From a local first to global power: Scaling fusion

Unlocking Infinite Energy: General Fusion’s Path to Sustainable Fusion Power

CEO Greg Twinney of General Fusion highlighted the company’s pioneering work in fusion energy, based in Vancouver. He emphasized that fusion is no longer a distant prospect, with national labs already achieving breakeven conditions. General Fusion’s mission is to bridge the gap from scientific possibility to grid-ready power, building on two decades of focused development.

The world faces escalating energy demand, intensified by AI, which conventional sources cannot sustainably meet. Mr. Twinney asserted that fusion offers a clean, reliable, and dispatchable baseload energy solution. Unlike nuclear fission, fusion provides all the benefits without the negatives, such as regulatory burdens or long-lived radioactive waste.

Its inherent safety means it fails safe, cannot be weaponized, and produces no high levels of radiation, allowing power plants to be located near demand centers globally. General Fusion’s fuel source, deuterium from seawater and bred tritium, ensures an owned fuel cycle, free from geopolitical resource constraints.

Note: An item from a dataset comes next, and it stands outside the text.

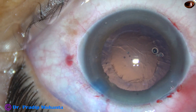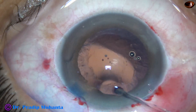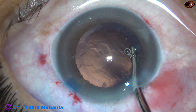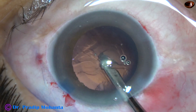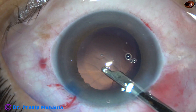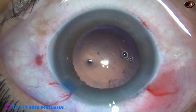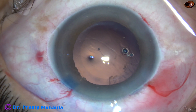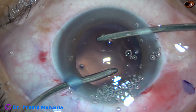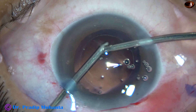Some viscoelastic is injected to protect the corneal endothelium and to maintain the depth of the anterior chamber. Cortical matter from the inferior aspect is removed with a Simcoe cannula. The assistant is ready with bimanual irrigation-aspiration cannulas, and the sub-incisional cortex is now aspirated.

This combination of safety, abundant fuel, and clean power positions fusion as the “holy grail” of energy, promising immense market opportunity and energy security. The company’s innovative approach, Magnetized Target Fusion, directly addresses four critical commercialization barriers.

General Fusion focuses on capturing energy efficiently and economically. Their design features a rotating rotor with pistons and liquid metal. Centrifugal force creates a liquid metal cavity into which plasma is injected. External drivers then rapidly compress the liquid metal, increasing the plasma’s density and temperature to fusion conditions.

The liquid metal serves multiple vital functions: it acts as a protective shield, absorbing high-energy neutrons from the fusion reaction, preventing damage to the reactor’s solid structures. As it absorbs neutrons, the liquid metal heats up, transferring thermal energy for electricity generation. Crucially, the liquid lithium within the reactor facilitates tritium breeding, enabling General Fusion to produce more fuel per pulse than consumed. This ensures a self-sustaining fuel cycle and generates excess tritium for future facilities. By utilizing existing materials and avoiding complex, expensive components, General Fusion’s design aims for economic competitiveness.

General Fusion’s Lawson Machine 26 (LM26), assembled in 2024 and commissioned in 2025, is a 50% power plant scale prototype. It is currently compressing plasmas to achieve critical milestones: 1 KEV (10 million degrees), 10 KEV (100 million degrees), and 100% Lawson conditions. Achieving these will demonstrate the necessary fusion temperatures and densities for a commercial power plant, positioning General Fusion as the first private company globally to reach these benchmarks.

The company anticipates achieving LM26 milestones by late 2028. Following this, they will develop high-repetition key components between 2027 and 2030, with the ambitious goal of firing up their first-of-a-kind commercial power plant in 2035. Mr. Twinney highlighted General Fusion’s two-decade head start, extensive machine building, and peer-reviewed scientific library as significant advantages.

A Market Development Advisory Committee, comprising potential first customers, ensures their technology aligns with market needs and is financeable, operable, and scalable. This customer-centric approach, combined with a strong entrepreneurial team, positions General Fusion to successfully transition fusion science from the lab to the grid.